Con Davigo niente "Mani Pulite" bis, ma riforme condivise

Massimo Bordin
“Torna Mani Pulite” era ieri la trionfale apertura del Fatto quotidiano. Lasciamo perdere l’obiezione che per tornare occorre prima essersi eclissati e nel caso specifico non risulta.
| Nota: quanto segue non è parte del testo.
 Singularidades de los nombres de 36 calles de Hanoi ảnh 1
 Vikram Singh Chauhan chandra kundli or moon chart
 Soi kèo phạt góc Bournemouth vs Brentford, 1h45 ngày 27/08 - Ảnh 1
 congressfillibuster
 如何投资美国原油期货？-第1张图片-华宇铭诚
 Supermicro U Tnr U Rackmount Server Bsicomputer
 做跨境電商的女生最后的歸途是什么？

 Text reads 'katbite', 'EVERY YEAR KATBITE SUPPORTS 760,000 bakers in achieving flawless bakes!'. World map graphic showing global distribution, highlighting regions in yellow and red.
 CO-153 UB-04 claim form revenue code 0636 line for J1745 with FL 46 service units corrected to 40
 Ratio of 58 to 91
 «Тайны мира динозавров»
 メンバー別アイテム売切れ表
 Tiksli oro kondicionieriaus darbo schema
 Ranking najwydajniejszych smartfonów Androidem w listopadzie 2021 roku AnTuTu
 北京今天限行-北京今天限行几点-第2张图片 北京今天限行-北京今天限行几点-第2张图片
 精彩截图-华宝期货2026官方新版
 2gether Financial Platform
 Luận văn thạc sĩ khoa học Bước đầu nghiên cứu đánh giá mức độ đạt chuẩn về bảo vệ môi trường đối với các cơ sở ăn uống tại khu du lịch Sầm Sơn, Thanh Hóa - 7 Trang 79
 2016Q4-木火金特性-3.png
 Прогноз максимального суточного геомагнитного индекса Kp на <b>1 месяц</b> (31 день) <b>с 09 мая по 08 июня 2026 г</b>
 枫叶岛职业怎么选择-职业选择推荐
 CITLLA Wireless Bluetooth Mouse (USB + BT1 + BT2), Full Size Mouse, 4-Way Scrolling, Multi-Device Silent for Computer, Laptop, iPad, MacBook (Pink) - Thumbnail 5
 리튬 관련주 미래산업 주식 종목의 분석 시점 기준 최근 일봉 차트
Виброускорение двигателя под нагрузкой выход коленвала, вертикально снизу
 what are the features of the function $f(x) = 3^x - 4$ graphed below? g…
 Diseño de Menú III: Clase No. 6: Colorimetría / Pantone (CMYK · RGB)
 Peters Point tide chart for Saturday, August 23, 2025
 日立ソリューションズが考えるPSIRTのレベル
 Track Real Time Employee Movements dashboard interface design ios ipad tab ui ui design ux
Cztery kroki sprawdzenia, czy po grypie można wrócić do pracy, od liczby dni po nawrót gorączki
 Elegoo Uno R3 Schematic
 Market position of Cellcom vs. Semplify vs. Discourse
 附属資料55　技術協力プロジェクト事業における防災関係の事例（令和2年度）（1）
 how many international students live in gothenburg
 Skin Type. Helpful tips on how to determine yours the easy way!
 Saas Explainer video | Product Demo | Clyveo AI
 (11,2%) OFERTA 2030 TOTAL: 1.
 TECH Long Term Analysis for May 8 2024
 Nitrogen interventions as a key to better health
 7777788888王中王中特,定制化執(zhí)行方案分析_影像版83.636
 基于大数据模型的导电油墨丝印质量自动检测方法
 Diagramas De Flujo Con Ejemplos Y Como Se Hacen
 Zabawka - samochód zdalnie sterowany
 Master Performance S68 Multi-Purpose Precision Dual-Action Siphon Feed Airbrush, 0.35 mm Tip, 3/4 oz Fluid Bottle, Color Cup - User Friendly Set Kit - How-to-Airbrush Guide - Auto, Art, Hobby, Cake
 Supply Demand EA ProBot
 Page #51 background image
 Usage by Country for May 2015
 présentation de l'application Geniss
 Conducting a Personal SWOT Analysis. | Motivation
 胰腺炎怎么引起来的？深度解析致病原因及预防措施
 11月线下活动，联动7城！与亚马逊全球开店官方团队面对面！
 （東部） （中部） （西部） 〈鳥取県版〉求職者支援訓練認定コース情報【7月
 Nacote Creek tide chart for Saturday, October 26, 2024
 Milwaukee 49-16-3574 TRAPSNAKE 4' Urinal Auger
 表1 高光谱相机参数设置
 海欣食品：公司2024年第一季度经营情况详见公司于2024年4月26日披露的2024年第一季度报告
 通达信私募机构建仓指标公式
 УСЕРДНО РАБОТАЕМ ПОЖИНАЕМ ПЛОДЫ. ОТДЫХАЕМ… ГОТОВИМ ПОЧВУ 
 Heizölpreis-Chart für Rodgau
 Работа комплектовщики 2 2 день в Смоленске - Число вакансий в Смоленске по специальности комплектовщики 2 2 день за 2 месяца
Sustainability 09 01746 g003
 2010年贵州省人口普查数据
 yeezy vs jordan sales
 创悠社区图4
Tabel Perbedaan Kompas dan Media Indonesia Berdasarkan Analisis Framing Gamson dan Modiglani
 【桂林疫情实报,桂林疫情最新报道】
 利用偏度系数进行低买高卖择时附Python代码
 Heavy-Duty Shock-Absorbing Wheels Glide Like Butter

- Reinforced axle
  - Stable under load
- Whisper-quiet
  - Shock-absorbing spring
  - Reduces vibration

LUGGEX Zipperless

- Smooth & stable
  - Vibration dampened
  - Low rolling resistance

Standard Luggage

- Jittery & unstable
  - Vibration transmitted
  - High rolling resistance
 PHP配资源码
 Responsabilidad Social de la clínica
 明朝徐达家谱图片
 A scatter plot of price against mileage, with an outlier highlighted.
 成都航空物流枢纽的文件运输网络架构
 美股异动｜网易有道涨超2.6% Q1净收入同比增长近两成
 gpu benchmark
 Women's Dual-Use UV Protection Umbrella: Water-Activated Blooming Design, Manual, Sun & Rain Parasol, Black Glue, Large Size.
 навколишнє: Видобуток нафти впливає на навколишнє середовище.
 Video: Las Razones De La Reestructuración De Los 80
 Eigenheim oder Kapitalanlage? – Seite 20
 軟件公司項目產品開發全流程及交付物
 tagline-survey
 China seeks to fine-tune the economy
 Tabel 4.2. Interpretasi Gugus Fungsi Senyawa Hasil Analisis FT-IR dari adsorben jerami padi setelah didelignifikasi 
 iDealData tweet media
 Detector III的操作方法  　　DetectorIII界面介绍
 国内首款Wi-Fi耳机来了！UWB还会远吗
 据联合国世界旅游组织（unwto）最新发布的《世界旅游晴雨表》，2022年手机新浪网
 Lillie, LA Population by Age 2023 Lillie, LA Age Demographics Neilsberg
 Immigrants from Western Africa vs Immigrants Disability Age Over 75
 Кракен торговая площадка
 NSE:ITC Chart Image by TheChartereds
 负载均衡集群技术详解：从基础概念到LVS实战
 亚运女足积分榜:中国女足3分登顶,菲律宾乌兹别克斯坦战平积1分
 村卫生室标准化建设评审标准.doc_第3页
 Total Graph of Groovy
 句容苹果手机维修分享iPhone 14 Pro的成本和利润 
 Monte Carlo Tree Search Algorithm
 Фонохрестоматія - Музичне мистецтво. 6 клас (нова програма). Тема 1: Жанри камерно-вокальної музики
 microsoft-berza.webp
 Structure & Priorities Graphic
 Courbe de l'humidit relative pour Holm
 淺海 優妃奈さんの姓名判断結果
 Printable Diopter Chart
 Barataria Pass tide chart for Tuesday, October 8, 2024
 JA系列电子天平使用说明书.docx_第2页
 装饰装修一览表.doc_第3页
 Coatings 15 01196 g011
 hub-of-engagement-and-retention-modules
“Torna Mani Pulite” era ieri la trionfale apertura del Fatto quotidiano. Lasciamo perdere l’obiezione che per tornare occorre prima essersi eclissati e nel caso specifico non risulta. Concentriamoci sul triplice indizio che viene iconizzato sotto il titolo di prima pagina nelle foto dei pubblici ministeri Piercamillo Davigo, Paolo Ielo e Francesco Greco. Quest’ultimo è in lizza per il posto di procuratore capo a Milano dove ha iniziato proprio con Mani Pulite una carriera sicuramente brillante. La sua nomina però è meno sicura dopo la comparsa di un competitore adeguato. Quanto a Paolo Ielo è vero che a Roma, nel riassetto degli incarichi deciso dal procuratore Giuseppe Pignatone per i suoi aggiunti si è visto assegnare il settore più delicato per i rapporti fra politica e giustizia, ma in fondo la delega non fa che ufficializzare una realtà di fatto. Resta Piercamillo Davigo, sulla cui elezione a presidente dell’Anm il Fatto ha tutti i motivi per cantare vittoria, anche perché è raro che una sponsorizzazione di Travaglio giovi al prescelto. Ma qui c’è l’aspetto più intrigante, che forse merita di essere seguito. Per un nuovo patto fra politica e giustizia, attraverso riforme condivise, chi meglio di Davigo? Sarebbe inattaccabile proprio dai settori oltranzisti della magistratura. Lo schema è noto, ad aprire ai cinesi fu Nixon, mica un democratico. Questo stanno cominciando a pensare anche alcuni autorevoli magistrati di sinistra. Non so se sia una buona idea ma certo non combacia con la prima pagina del Fatto di ieri.